“New Year Trepidation”

Posted on Jan, Mon, 2024 in Landscapes, Musings from Still Point, Uncategorized

“New Year Trepidation”

This is the new year view that greeted me Friday as I approached the woodland just beyond the dried banks at the north end of Schweitzer marsh. There are untold poems that reside within. One can imagine Robert Frost pronouncing it “dark and deep.” And as this old woodland sprawls atop glacial drift and a garrison of pin oak, beech and hawthorn fortify what remains of the marsh, a line from Keats comes to mind; “The sedge has withered from the lake, And no birds sing.”

One year after the Wheeling & Lake Erie Railway created a channel and added a new culvert, the wetland has been largely drained and transformed. Waterfowl and wildlife that have depended on the marsh for nesting and food and that animated the wetland for at least a century have disappeared and with them its spirit.

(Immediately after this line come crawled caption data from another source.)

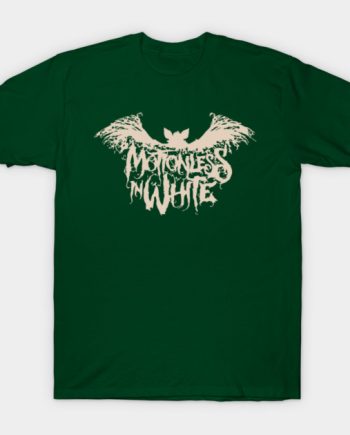 Motionless In White T-Shirt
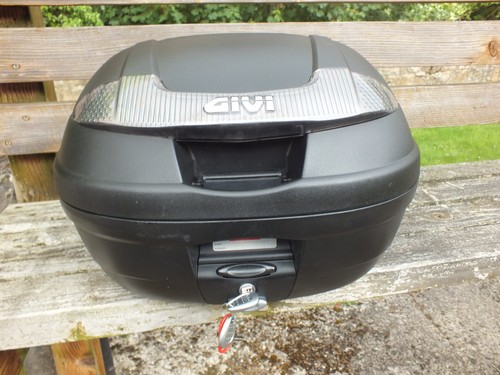 Givi e340 tech - very, nice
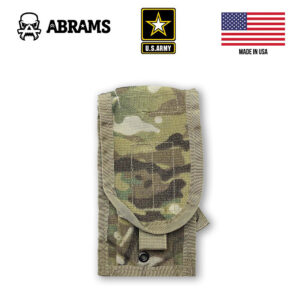 Підсумок USGI OCP Molle II 2-Mag Pouch | Multicam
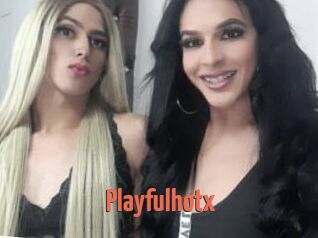 Playfulhotx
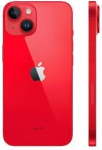 Apple iPhone 14 Plus 256GB Red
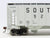 HO Scale Walthers Gold Line 932-25389 SOU Southern 2-Bay Covered Hopper 2-Pack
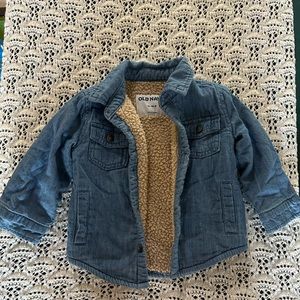 Old navy fall jacket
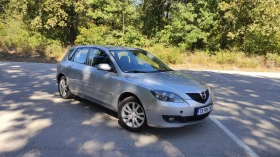 Mazda 3, снимка 3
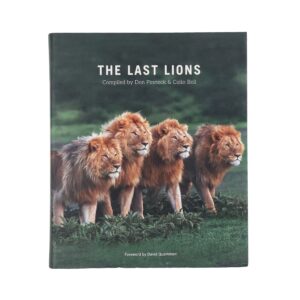 The Last Lions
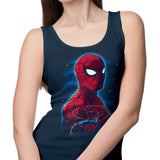 Shinobi Skyline Chase - Tank Top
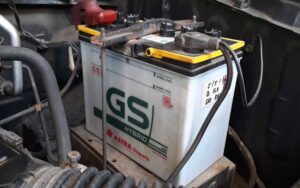 Cara Baca Kode Produksi Aki Mobil, Ternyata Seperti Ini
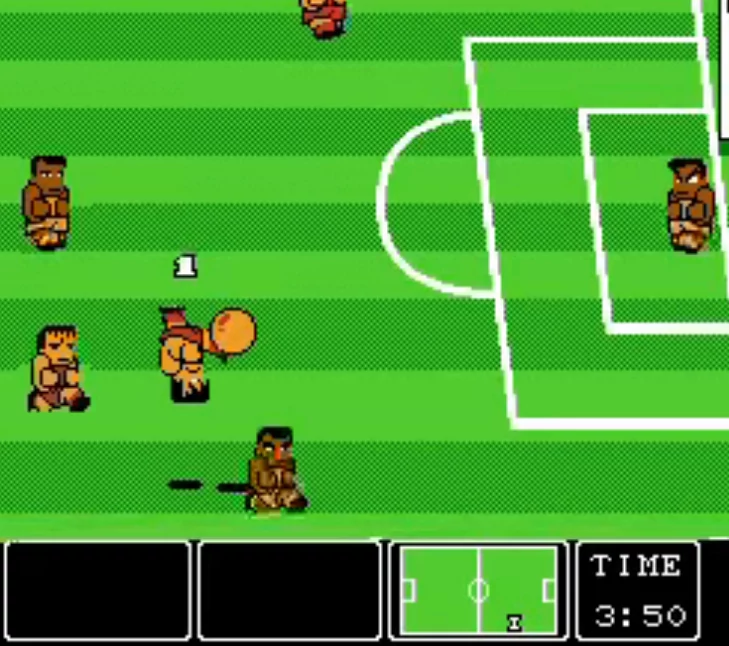 World Cup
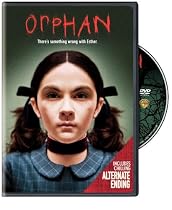 Watch Orphan Movie Online.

Countless individuals who will see this post have written entreaties to the W&LE, signed and helped fund a national petition, and encouraged the Ohio EPA, Army Corps of Engineers, Summit County Parks and Tinker’s Creek Watershed Partners to bring to bear responsibility and a sense of stewardship to the Railway. The solutions are within easy reach and of little cost to the company but the W&LE refuses to correct its poor judgement – the product of corporate insouciance perhaps or simply inflated ego.

In a final attempt to save the marsh we asked the Army Corps of Engineers to begin an investigation last September based on the Railway’s failure to obtain permits to create the drainage canal. To date, the Corps has provided none of its findings as we continue to request status reports. As they become available or other information surfaces we will keep you all apprised.

My choice of title was not “Happy” New Year, as you no doubt have deduced from the content of this post. “Trepidation” strikes me as the operative word, not only for the tragedy of a wetland but for the overwhelming dread that has our Republic in its hold. Sadly, the notion of hope seems a bit quixotic if not quaint in this year of our retributor, 2024.

“Schweitzer Marsh, New Year 2024”

As a coda of sorts to the update on Schweitzer Marsh, the image below was taken the same day (Jan. 6) as the original post. I’ve rendered it in black and white, in part as a metaphor for the destruction of the wetland but also as a tribute to its enduring beauty, even in its transformation.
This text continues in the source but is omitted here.